= William Scharff =

Danish painter

Niels William Scharff (30 October 1886 – 20 September 1959) was a Danish painter, one of the leading proponents of Cubism in Denmark.

==Early life==
After training as a painter at Copenhagen's Technical School, Scharff attended Kristian Zahrtmann's art school (1907–1909) where he met young talents including Vilhelm Lundstrøm, Jais Nielsen and Olaf Rude. As a student, he travelled to Berlin, Dresden and Paris.

==Career==
During the First World War, Scharff was involved in Grønningen, a new artists' cooperative with an interest in Cubism. His Cubist tendencies can clearly be seen in his Legende I (1911, Randers Kunstmuseum) and in a series of pictures depicting poultry (1917–1918) and representing harmony between man and nature.
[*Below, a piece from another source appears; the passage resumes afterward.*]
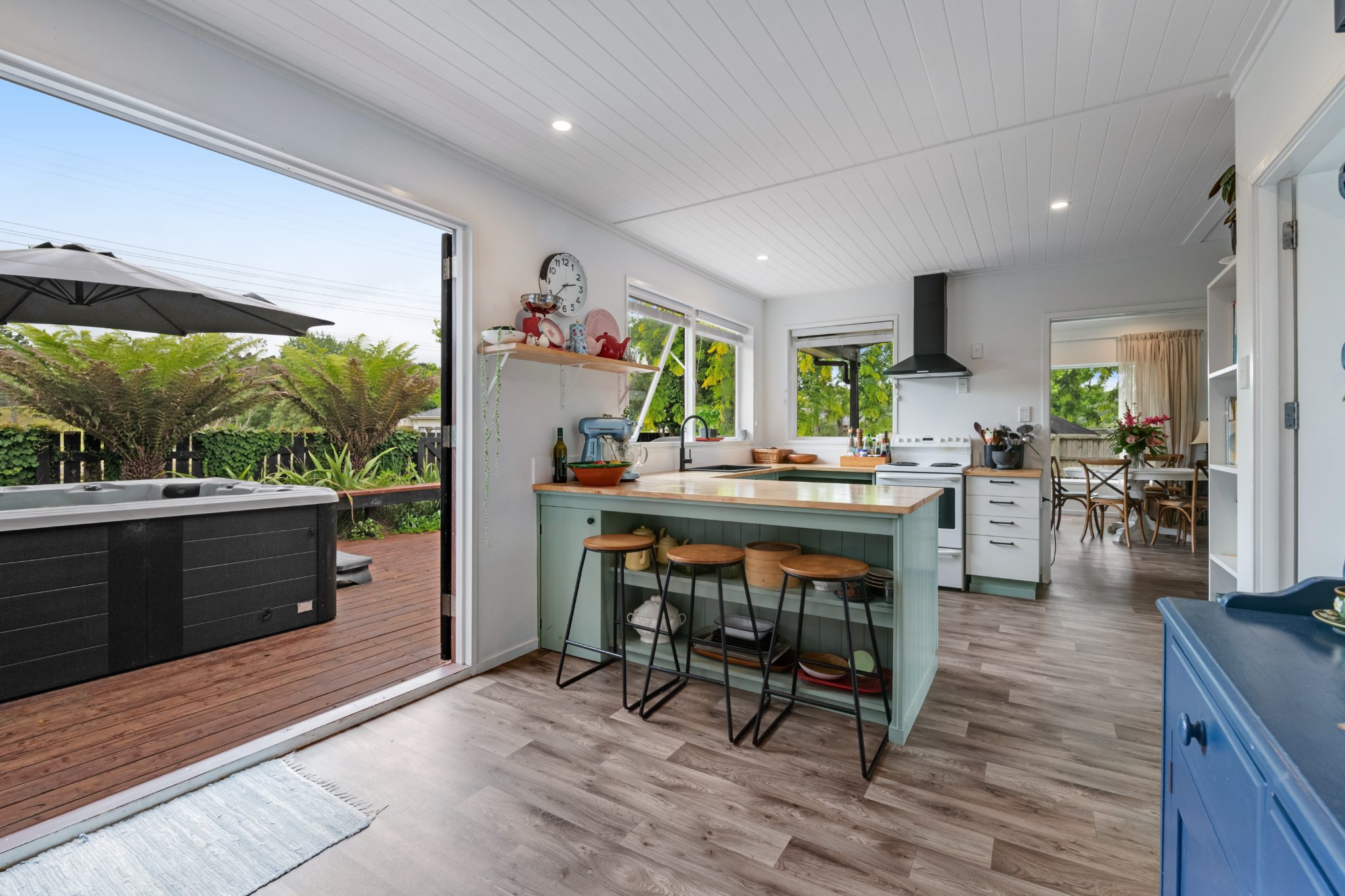 This must go! $949,000 — slide 28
His style was inspired by Cubism and the Abstract art movement while many of his subjects were based on his upbringing with his grandparents in the farming community of Tisvilde in the north of Zealand.

In addition to his paintings, he decorated the students' residence Studentergaarden with Frescofrescoes (1943–1953), designed tapestries for Christiansborg (1951–1958) and created the curtain for Tivoli's concert hall (1956).

==Awards==
Scharff was awarded the Eckersberg Medal in 1924 and the Thorvaldsen Medal in 1957.
He was made a knight of the Order of the Dannebrog in 1943 and Commander in 1954.
He died in Copenhagen and was buried at Tibirke cemetery at Tisvilde.